Information Security Consultant in London employer: The European Bank for Reconstruction and Development
Contact Detail:
The European Bank for Reconstruction and Development Recruiting Team
StudySmarter Expert Advice 🤫
We think this is how you could land Information Security Consultant in London
✨Tip Number 1
Network like a pro! Reach out to your connections in the cybersecurity field, attend industry events, and join relevant online communities. The more people you know, the better your chances of hearing about job openings before they’re even advertised.
✨Tip Number 2
Show off your skills! Create a portfolio showcasing your past Red Team and Purple Team engagements, including any reports or metrics you've produced. This will give potential employers a clear view of what you can bring to the table.
✨Tip Number 3
Prepare for interviews by brushing up on your technical knowledge and communication skills. Be ready to explain complex concepts in simple terms, as you'll need to bridge the gap between technical and non-technical stakeholders.
✨Tip Number 4
Don’t forget to apply through our website! We’ve got loads of opportunities that might be perfect for you. Plus, it’s a great way to show your enthusiasm for joining our team at StudySmarter.
We think you need these skills to ace Information Security Consultant in London
Some tips for your application 🫡
Tailor Your Application: Make sure to customise your CV and cover letter to highlight your experience with Red Team and Purple Team engagements. We want to see how your skills align with the specific responsibilities mentioned in the job description.

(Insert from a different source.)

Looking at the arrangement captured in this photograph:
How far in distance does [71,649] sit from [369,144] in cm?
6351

Showcase Your Technical Skills: Don’t hold back on detailing your technical expertise! Mention your familiarity with the MITRE ATT&CK framework, penetration testing, and any relevant certifications. We love seeing candidates who are passionate about staying updated with emerging threats.

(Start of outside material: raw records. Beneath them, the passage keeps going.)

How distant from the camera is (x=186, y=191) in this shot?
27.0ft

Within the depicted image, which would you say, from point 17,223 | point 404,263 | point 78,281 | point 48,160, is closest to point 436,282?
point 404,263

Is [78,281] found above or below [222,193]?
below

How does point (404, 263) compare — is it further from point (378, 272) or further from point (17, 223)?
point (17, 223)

Communicate Clearly: Remember, you’ll need to translate complex technical findings into business language. Use clear and concise language in your application to demonstrate your ability to communicate effectively with both technical and non-technical stakeholders.
Apply Through Our Website: We encourage you to apply directly through our website. It’s the best way for us to receive your application and ensures you’re considered for this exciting opportunity. Plus, it shows you’re keen on joining our team!

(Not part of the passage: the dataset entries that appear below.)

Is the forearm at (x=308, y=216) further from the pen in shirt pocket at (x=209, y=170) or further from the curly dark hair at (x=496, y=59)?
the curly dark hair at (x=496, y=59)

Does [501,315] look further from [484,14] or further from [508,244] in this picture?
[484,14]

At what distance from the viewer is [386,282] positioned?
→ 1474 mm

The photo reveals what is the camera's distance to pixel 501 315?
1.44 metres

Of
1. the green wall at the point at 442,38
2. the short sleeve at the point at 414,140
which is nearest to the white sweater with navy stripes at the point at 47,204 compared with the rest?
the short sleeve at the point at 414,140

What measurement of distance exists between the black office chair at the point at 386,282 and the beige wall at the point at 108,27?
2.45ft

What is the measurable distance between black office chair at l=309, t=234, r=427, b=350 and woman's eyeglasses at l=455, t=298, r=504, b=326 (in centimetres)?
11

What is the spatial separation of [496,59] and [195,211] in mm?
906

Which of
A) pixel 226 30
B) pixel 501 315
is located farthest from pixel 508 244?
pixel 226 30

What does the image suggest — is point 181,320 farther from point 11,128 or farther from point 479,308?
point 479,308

How to prepare for a job interview at The European Bank for Reconstruction and Development
✨Know Your Stuff
Make sure you brush up on your knowledge of the MITRE ATT&CK framework and adversarial tactics. Be ready to discuss your hands-on experience with penetration testing and how you've applied it in real-world scenarios. This will show that you're not just familiar with the theory but can also put it into practice.
✨Speak Their Language
Practice translating complex technical concepts into business language. During the interview, you'll need to demonstrate your ability to communicate findings and recommendations clearly to both technical and non-technical stakeholders. Use examples from your past experiences to illustrate how you've done this successfully.
✨Show Your Strategic Thinking
Prepare to discuss how you've approached scoping and planning for Red Team and Purple Team exercises in the past. Highlight your strategic thinking and analytical skills by sharing specific examples of how you've defined objectives and success criteria that align with organisational risk priorities.
✨Engagement Management Skills
Be ready to talk about your experience managing testing campaigns and liaising with external MSSPs or consultants. Share how you've coordinated resources and ensured adherence to timelines and ethical guidelines. This will demonstrate your ability to manage complex engagements effectively.